No children were insulted in the writing of this article. In fact, our youngest gave me the subtitle, and is the lead character in the story. (Read Part 1, here)
As they were growing up, our kids were learning how to allocate scarce resources from their allowance and sports refereeing earnings between immediate gratification (a treat at the hockey arena), delayed gratification (saving for a new video game) and true savings in their bank accounts. As their savings grew, we would go to the bank annually to move money from their savings accounts into “high-yielding” GICs, which were about one per cent at the time. We kept the GIC duration short in the hopes of better interest rates which never happened.
In 2009, I asked if they would like to invest in stocks to get a much better return and learn lots along the way. They were surprisingly keen and instead of renewing GICs, we set up in-trust stock accounts, which were converted to TFSAs when they turned 18. At the youthful ages of 13 and 16, their accounts started with the princely sums of $1,923 and $4,933. For the intervening 11 years, our youngest earned the following rates of return by year: 10.1, 7.1, 5.2, 8.7, 18.5, 11.1, 18.2, 11.3, -10.8, 15.7 and 3.7 per cent. At the age of 24 and still pursuing an advanced degree, his TFSA would make most working adults envious.
For the most part, he has adopted his father’s investing rather than a speculating approach and is picking his own stocks. However, with the current speculative fervour, in late November 2020 he excitedly texted that he had purchased 30 shares of EH for $13.01. I know the ticker symbol for a lot of companies but had never heard of EH. He informed me it was a Chinese start-up making drones and large flying electric vehicles, with rapidly growing revenues, low debt and positive test flights.

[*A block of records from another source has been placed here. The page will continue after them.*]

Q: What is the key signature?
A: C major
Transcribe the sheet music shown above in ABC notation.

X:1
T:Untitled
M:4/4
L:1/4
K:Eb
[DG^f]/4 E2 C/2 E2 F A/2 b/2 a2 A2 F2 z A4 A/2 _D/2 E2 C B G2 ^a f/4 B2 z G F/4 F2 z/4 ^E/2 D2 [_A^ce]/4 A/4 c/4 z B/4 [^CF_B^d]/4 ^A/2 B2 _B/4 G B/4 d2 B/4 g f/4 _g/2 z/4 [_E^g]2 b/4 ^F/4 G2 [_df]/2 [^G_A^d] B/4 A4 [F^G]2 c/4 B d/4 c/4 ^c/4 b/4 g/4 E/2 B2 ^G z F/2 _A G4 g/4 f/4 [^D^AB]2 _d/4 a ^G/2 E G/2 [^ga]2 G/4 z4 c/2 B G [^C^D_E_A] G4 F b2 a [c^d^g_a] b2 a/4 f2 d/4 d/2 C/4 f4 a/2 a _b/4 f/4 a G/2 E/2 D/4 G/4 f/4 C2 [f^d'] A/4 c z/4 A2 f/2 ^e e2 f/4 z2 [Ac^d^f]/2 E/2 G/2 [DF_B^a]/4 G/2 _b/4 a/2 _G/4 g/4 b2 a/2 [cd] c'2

My comment was it was a small position so if he lost it all, it wouldn’t have a material impact on the portfolio, and he would learn his lesson. After all, Chinese, start-up, negative earnings and negative cash flows — what’s not to love? Reportedly, about 300 fraudulent Chinese companies have floated shares on North American exchanges, like Sino-Forest which traded on the TSX a decade ago. If you wish to invest in China, my suggestion would be to do so through an ETF like FXI or EEM.

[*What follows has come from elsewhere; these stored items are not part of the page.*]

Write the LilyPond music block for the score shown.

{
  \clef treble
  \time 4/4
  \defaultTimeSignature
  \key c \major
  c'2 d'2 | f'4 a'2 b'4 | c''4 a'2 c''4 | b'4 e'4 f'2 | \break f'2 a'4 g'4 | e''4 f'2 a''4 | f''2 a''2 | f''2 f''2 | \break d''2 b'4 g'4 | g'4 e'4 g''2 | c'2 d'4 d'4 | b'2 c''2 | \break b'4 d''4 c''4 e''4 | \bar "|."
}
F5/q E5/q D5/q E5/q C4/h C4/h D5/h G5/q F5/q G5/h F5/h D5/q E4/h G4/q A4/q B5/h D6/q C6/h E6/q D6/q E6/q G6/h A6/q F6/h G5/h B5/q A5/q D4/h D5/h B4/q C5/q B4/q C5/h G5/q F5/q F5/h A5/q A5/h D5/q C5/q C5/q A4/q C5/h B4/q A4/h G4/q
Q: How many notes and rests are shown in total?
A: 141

As EH skyrocketed our standing joke for two months was he sure was learning his lesson! With a small amount of encouragement, he sold in January at $74, over five times his purchase price in two months. EH spent the next month bouncing between $70 and as high as $125, then on February 16, it dropped $77 to $46 on a short sell- er’s report and potential security violations. It, of course, denied the reports and recovered half the loss a day later. Whether EH is a fraud or a legitimate start-up will play out over the next few months. Last night, my son texted me, “OK, maybe my pick was more luck than skill.” To this I responded he’d had the best of both worlds — making money while experiencing a valuable lesson.
This past year, as people were idly sitting at home, they took to stock speculation for entertainment, with internet brokerage accounts exploding by a factor of three. The vast majority of market participants are traders and speculators, and the vast majority of podcasts, YouTube channels, presentations and other forms of education are focused on what most people do, trading and speculating. Much of this education would focus you on improving luck, which is an impossibility. All short-term strategies are luck-based. Can a speculator uncover five positive speculations in short order? Sure, just like you can occasionally flip five heads in a row. That does not make them a genius.
Most who achieve success with luck will continue to pursue this approach, eventually failing as in Vegas. Unfortunately, each generation seems to go through this approach, with many dropping by the wayside, to forever eschew the great wealth creation ability of true stock investing. Also, unfortunately, this generation is going through this process partly with free money from governments, which will eventually come to roost on taxpayer’s shoulders.
While my son may periodically stray from true investing, as we all do, I’m confident he will keep that portion of the portfolio to a small acceptable percentage. Lesson learned!